La focalisation récente de travaux de recherche sur la clinique de la pensée à l’adolescence, en appui sur la théorie psychanalytique, a engagé dans le domaine des épreuves projectives un double registre de réflexions : celles qui portent sur les apports de cette approche à la compréhension du processus d’adolescence ; celles, plus novatrices, qui relèvent de leur contribution à l’étude de la pensée, dans ses mises en défaut comme dans ses aspects créatifs.

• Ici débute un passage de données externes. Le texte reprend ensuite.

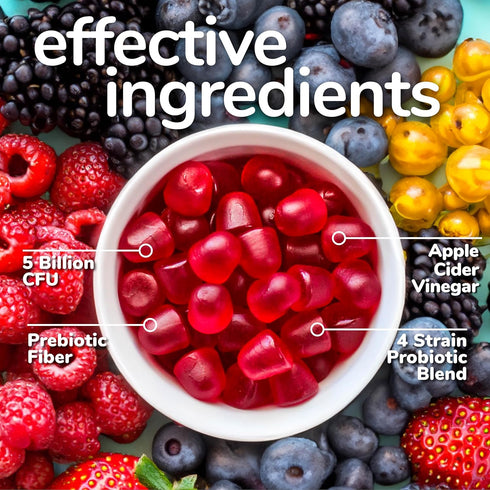her own Probiotic & Prebiotic Gummy, 60 Gummies, Supports Digestive Health & Immune Health, Vegan, 5 Billion CFUs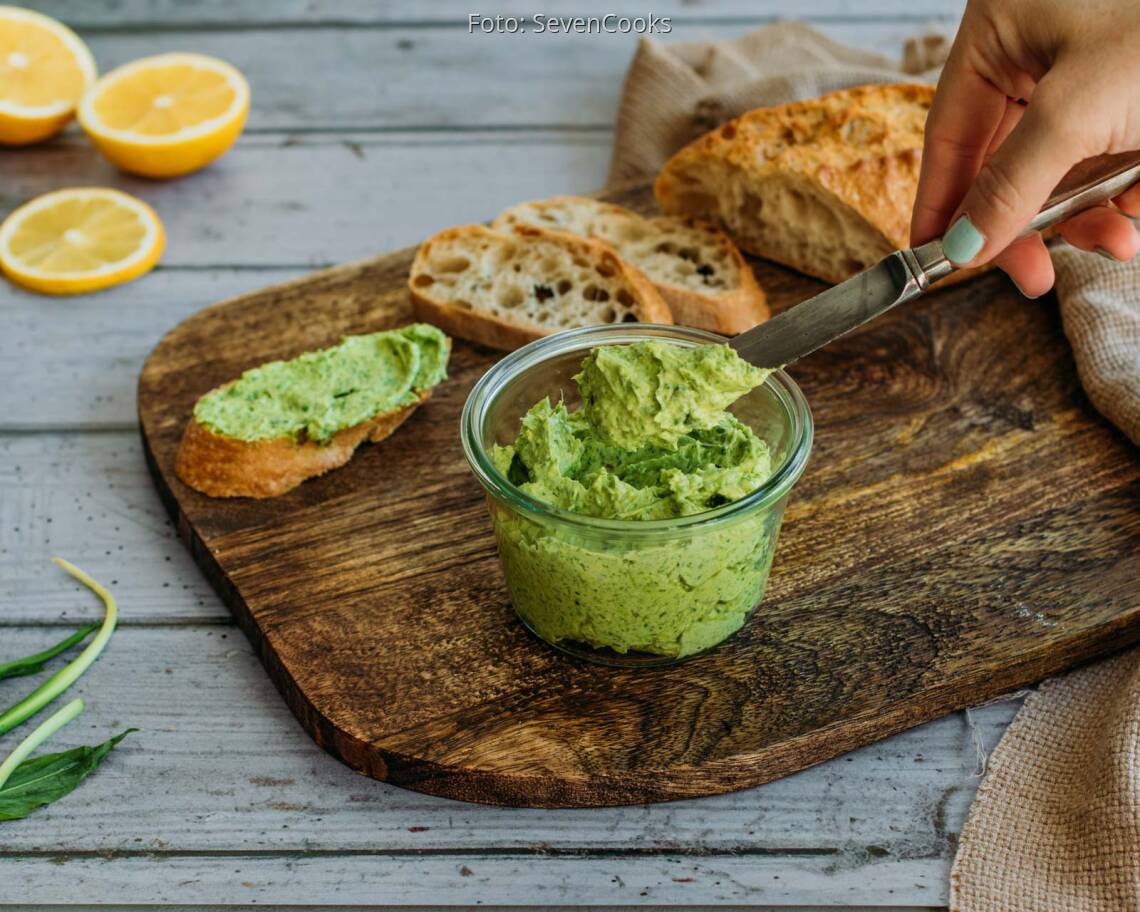 Veganes Rezept: Vegane Bärlauch-Butter 1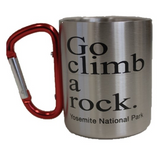 Go Climb A Rock Carabiner Cup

Approche projective de l’adolescence

L’adolescence, considérée à juste titre dans les années 60 par Anna Freud comme « la Cendrillon de la psychanalyse », a été également la Cendrillon de la méthodologie projective. Il a fallu dépasser un long temps de latence avant de la voir reconnue et explorée comme champ d’investigation à part entière. Les premiers travaux initiés par les créateurs des tests princeps (Rorschach et TAT), ont été consacrés à l’adulte. Ont suivi des recherches et des écrits cliniques – accompagnés de la création de tests spécifiques – portant sur l’enfant. Il a fallu attendre 1959, aux Etats-Unis, pour la publication d’une recherche consacrée à la spécificité des réponses Rorschach à l’adolescence (Bates Ames, Métraux, Walker, 1959), et 1988 pour la parution d’un chapitre sur les particularités au Rorschach de l’adolescent borderline, dans un ouvrage inscrit dans la perspective psychanalytique (Lerner, Lerner, 1988), venant en écho aux écrits de Kernberg (1984).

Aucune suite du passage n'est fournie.